The British Army introduced the first factory-built white phosphorus grenades in late 1916 during the First World War. During the war, white phosphorus mortar bombs, shells, rockets, and grenades were used extensively by American, Commonwealth, and, to a lesser extent, Japanese forces, in both smoke-generating and antipersonnel roles.
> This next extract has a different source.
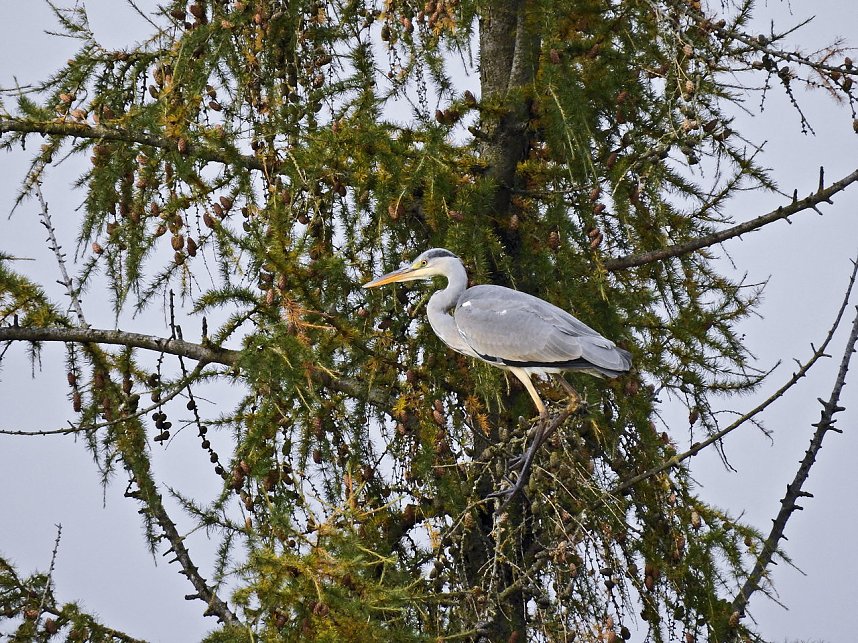 Unterwegs in Sophienhof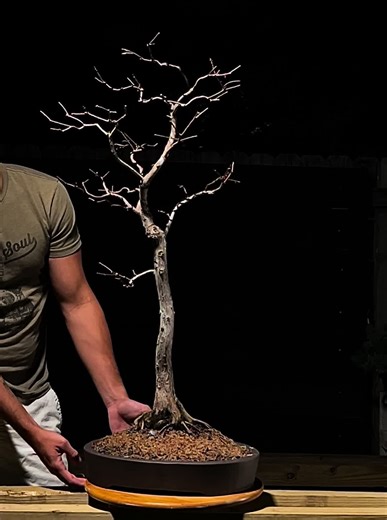 Bald cypress repot and styled today. First styling was in July 2020. I love the delicate movement of this tree. . . . . . . . . #bonsai #bonsailife #bonsaigram #bonsaitree #americanbonsai #bonsaiartist #bonsaiart #bonsailove #bonsailovers #bonsaitrees #bonsaigarden #bonsaiworld #bonsaiaddict #bonsais #bonsaitechniques #tropicalbonsai #tropicalbonsais #americanbonsai #bonsaicollection #bonsaiphotography #baldcypress #baldcypressbonsai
The Royal Air Force based in Iraq also used white phosphorus bombs in Anbar Province during the Iraqi revolt of 1920.

Among the many social groups protesting the war and conscription at the time, at least one, the Industrial Workers of the World in Australia, used Fenian fire.

In the interwar years, the US Army trained using white phosphorus, by artillery shell and air bombardment.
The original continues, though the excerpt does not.